■ **Try it**:
Repeat verbatim every line of the material, beginning at the line that holds "Bird Ring II" and ending at its last line.

■ **Data provided**:
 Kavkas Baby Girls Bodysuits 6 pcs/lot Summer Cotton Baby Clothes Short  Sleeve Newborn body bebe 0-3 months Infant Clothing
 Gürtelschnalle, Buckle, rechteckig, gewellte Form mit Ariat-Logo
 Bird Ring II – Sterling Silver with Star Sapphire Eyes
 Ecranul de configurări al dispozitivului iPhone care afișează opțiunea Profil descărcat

■ **Exercise output**:
 Bird Ring II – Sterling Silver with Star Sapphire Eyes
 Ecranul de configurări al dispozitivului iPhone care afișează opțiunea Profil descărcat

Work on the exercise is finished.